Migration and Ethnicity
According to Eurostat, in 2010 there were 1.8 million foreign-born residents in the Netherlands, corresponding to 11.1% of the total population. Of these, 1.4 million (8.5%) were born outside the EU and 0.428 million (2.6%) were born in another EU Member State.
As the result of immigration, the Netherlands has a sizeable minority of non-indigenous peoples. There is also considerable emigration. In 2005 some 121,000 people left the country, while 94,000 entered it. Out of a total of 101,150 people immigrating to Netherlands in 2006, 66,658 were from Europe, Oceania, Americas or Japan, and 34,492 were from other (mostly developing) countries. Out of a total of 132,470 emigrants, 94,834 were going to Europe, Oceania, Americas or Japan and 37,636 to other countries.

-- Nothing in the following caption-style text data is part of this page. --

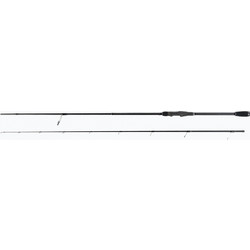 Mikado Kamisori Καλάμι Ψαρέματος για Spinning Carbon Δίσπαστο 2.7m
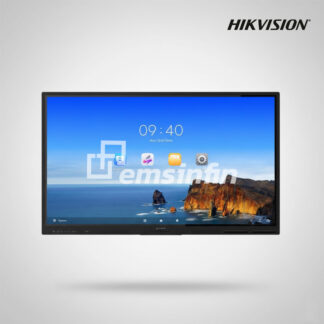 Pantalla interactiva 4K 65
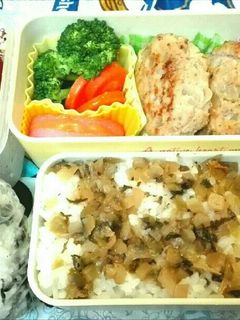 中学生女子 時短 簡単弁当87-レシピのメイン写真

A large number of immigrants come from countries in Western Europe, mostly from the bordering countries of Germany and Belgium. There were five subsequent waves of immigration from other countries in recent history.
- After World War II in the 1940s and the 1950s people from the newly independent Indonesian republic repatriated or migrated to the Netherlands - mainly Indo-European (people of mixed European and Indonesian ancestry with Dutch passports) and supporters of the Republic of South Maluku.

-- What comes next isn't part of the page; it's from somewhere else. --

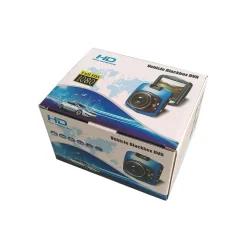 MINI DVR TELECAMERA VIDEOREGISTRATORE AUTO HD MONITOR LCD 2.4 VIDEO LED DASHCAM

- In the 1960s and 1970s migrants from Southern Europe, West Asia, and northern Africa (i.e. Italy, Portugal and Spain), Turkey and Morocco came to work in the Netherlands as guest workers. They were expected to return to their own country and many did, but others remained and in the 1980s and 1990s were joined by their families. Until the 2000s their children usually married people from their home country.

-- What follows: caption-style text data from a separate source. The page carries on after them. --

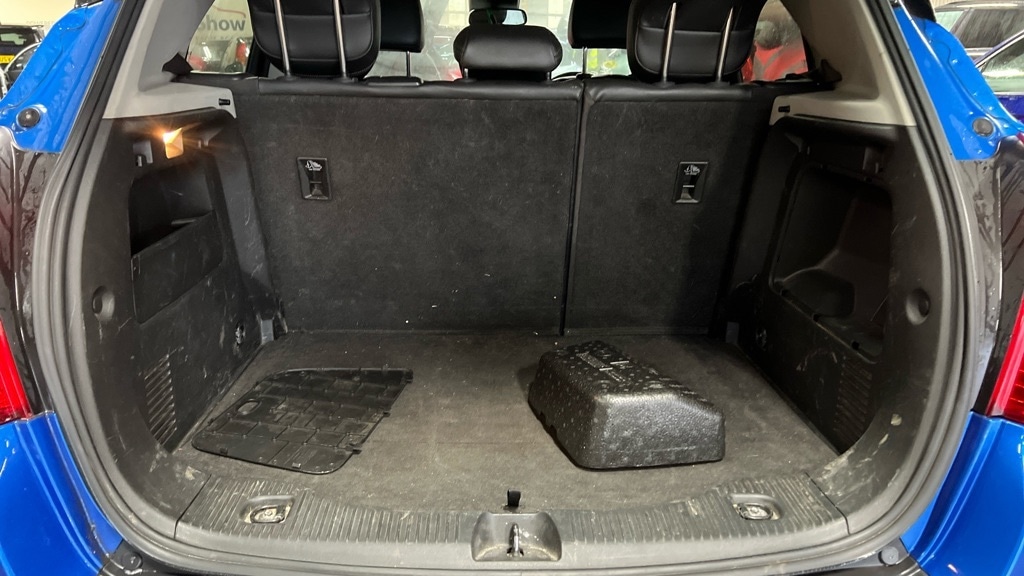 Used Vauxhall Mokka 2016 for sale - 76453741: Photo 12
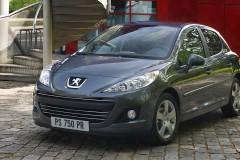 Peugeot 207 He�beks 2009 - 2012 foto 11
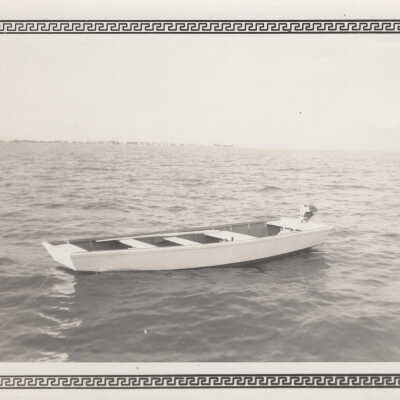 Small Boat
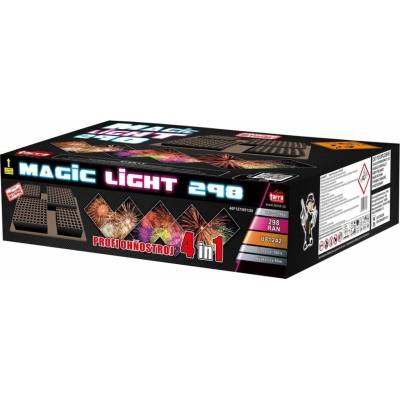 Profi složený Ohňostroj MAGIC LIGHT 298 ran 2 1 U81242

- In the 1970s and 1980s people migrated from the newly independent Surinam and from the Netherlands Antilles, which remained part of the Kingdom of the Netherlands. These people migrated because these people still held a Dutch passport and saw a better future in the Netherlands.
- In the 1990s the Netherlands saw increasing migration of asylum seekers. Most notably are Iraqis, Iranians, Thais, Burmese, Chileans and Argentines fleeing from political oppression and/or persecution.
- And in the 2000s, migrant workers from new EU member states in Central- and Eastern Europe like Poland, Romania and Bulgaria, and non-EU states Moldova, Ukraine and former Yugoslavia in Southern Europe.